Campus

Détails d’un outil en os de renne à usages multiples datant de l’époque néandertalienne.

Le Néandertalien, plus malin qu’il n’y paraît

La dernière édition du Bulletin de la Société préhistorique française, une revue trimestrielle de préhistoire française publiée depuis 1904, consacre un article à cette importante découverte concernant l’Homme de Néandertal. Les fouilles archéologiques ont été menées à Arcy-sur-Cure dans le département de l’Yonne en France au cours des mois de mai et juin 2014.« Depuis déjà plus de 15 ans, l’idée d’une intelligence inférieure est contestée dans la littérature scientifique, explique Luc Doyon.L’outil qui a été identifié par ma collègue Mme Pothier Bouchard est, dans son explication, un indice supplémentaire qui supporte la thèse d’une intelligence supérieure. »

Le chercheur émet cependant certaines réserves quant à l’utilisation du terme « intelligence ». « Je préfère davantage parler de capacités technologiques, c’est-à-dire la capacité à reconnaître les propriétés de la matière première et à avoir le répertoire gestuel pour l’exploiter », soutient-il.

L’identification de l’outil a eu lieu au laboratoire d’anatomie comparée du Muséum national d’Histoire naturelle à Paris. « J’ai pleuré ! raconte Geneviève. Et j’ai dansé toute seule dans le grand laboratoire complètement vide. Heureusement, je n’ai pour témoin que les dizaines de squelettes montés d’animaux qui décorent le laboratoire. »

L’étudiante explique la nature de sa recherche. « J’effectue une analyse zooarchéologique, c’est-à-dire que je tente d’identifier l’espèce animale et la partie anatomique de toutes les pièces osseuses de la collection faunique recueillies afin de définir et de comprendre les modes de subsistances des groupes de chasseurs-cueilleurs néandertaliens qui ont fréquenté la grotte du Bison il y a un peu plus de 50 000 ans », raconte-t-elle.

Comprendre les usages de l’objet

L’instrument découvert est un os de renne travaillé par le Néandertalien. Les observations menées jusqu’ici laissent croire que l’engin était utilisé comme retouchoir pour façonner la pierre afin de fabriquer des outils. Les propriétés de racloir de l’objet doivent cependant toujours être démontrées par l’archéologie expérimentale, une procédure qui consiste à reproduire les conditions dans lesquelles l’outil a été utilisé. « Cette expérience permet en quelque sorte de retracer la biographie de l’objet », affirme M. Doyon.

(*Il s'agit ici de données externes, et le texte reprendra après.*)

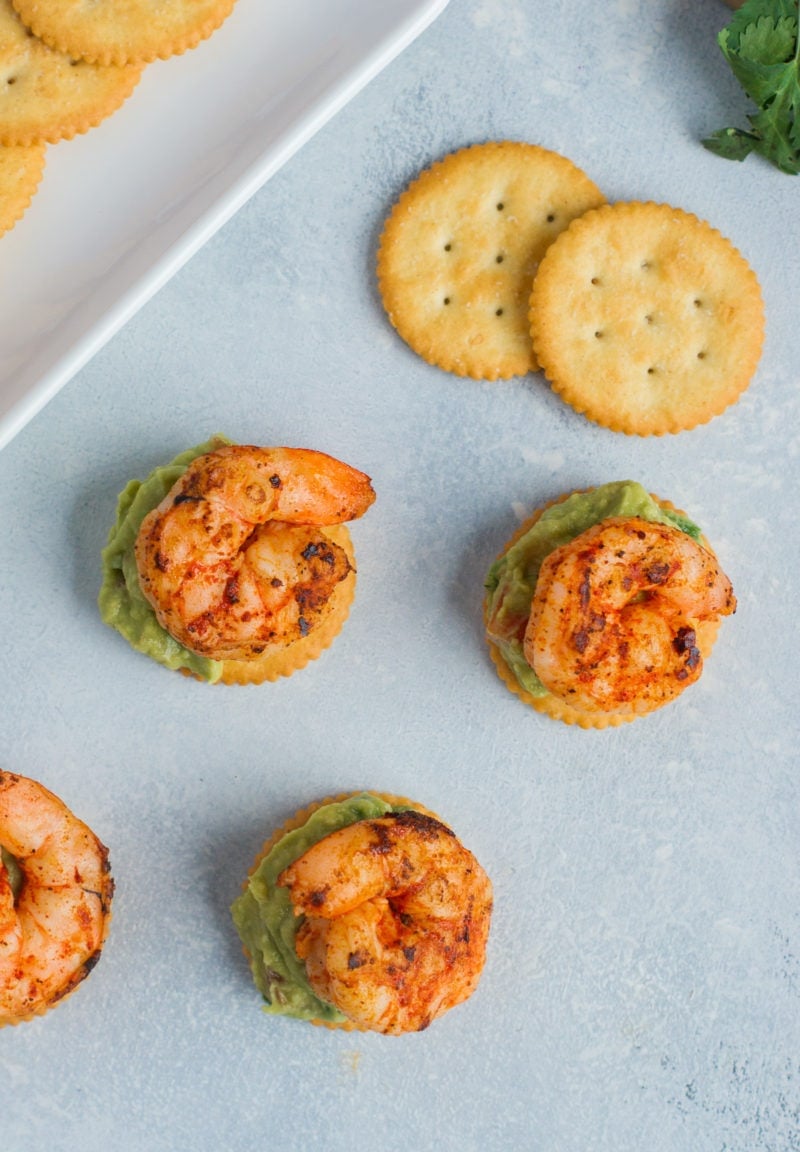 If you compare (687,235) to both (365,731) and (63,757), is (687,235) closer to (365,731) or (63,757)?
(365,731)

En observant les traces d’usures résultant d’une manipulation humaine de l’objet, il est possible de comprendre quel était son usage, explique M. Doyon. C’est ce qu’on appelle la tracéologie. Une telle analyse nécessite un outillage approprié. « Nous avons utilisé le macroscope Olympus DSX100 récemment acquis par le Laboratoire d’écomorphologie et de paléoanthropologie de l’UdeM afin de pouvoir faire l’analyse de ces marques » , explique le chercheur.

Les diverses utilisations de l’objet permettent de mieux comprendre l’Homme de Néandertal, mais aussi l’Homo sapiens moderne. « L’humain a la possibilité de s’étudier lui-même, affirmel’étudiant au baccalauréat en anthropologieLouis-Frédéric Verrault Giroux. Il me semble qu’une connaissance approfondie de l’humain ne peut qu’être bénéfique, d’une façon ou d’une autre, pour soi comme pour la société en général. »

L’environnement du site de fouille est d’une grande importance pour la conservation et l’analyse des vestiges, selon M. Doyon. « Les sites présentant la meilleure conservation sont situés dans le Sud-Ouest américain, car leur environnement est sec, affirme-t-il. C’est très rare en Europe, surtout pour la période à l’étude. C’est pour cette raison que l’on prend toujours en compte les processus qui ont pu modifier l’état des vestiges dans nos analyses. Ces processus sont multiples pour la grotte du Bison : effondrement de la voûte de la grotte, accumulation d’eau stagnante par endroits et occupation successive des humains et des carnivores. »

Retombées personnelles

Cette découverte pourrait avoir des retombées importantes sur la carrière de Geneviève . « Il est évident qu’une telle découverte m’apporte beaucoup d’un point de vue académique, soutient-elle. D’un point de vue personnel, cet événement me rappelle surtout la raison pour laquelle je m’aventure dans de longues études qui, on doit se l’avouer, sont très risquées financièrement. »

Geneviève continue de s’impliquer dans une dizaine de projets au Québec et en Europe. Elle poursuit en parallèle la rédaction de son mémoire et prévoit s’inscrire au doctorat.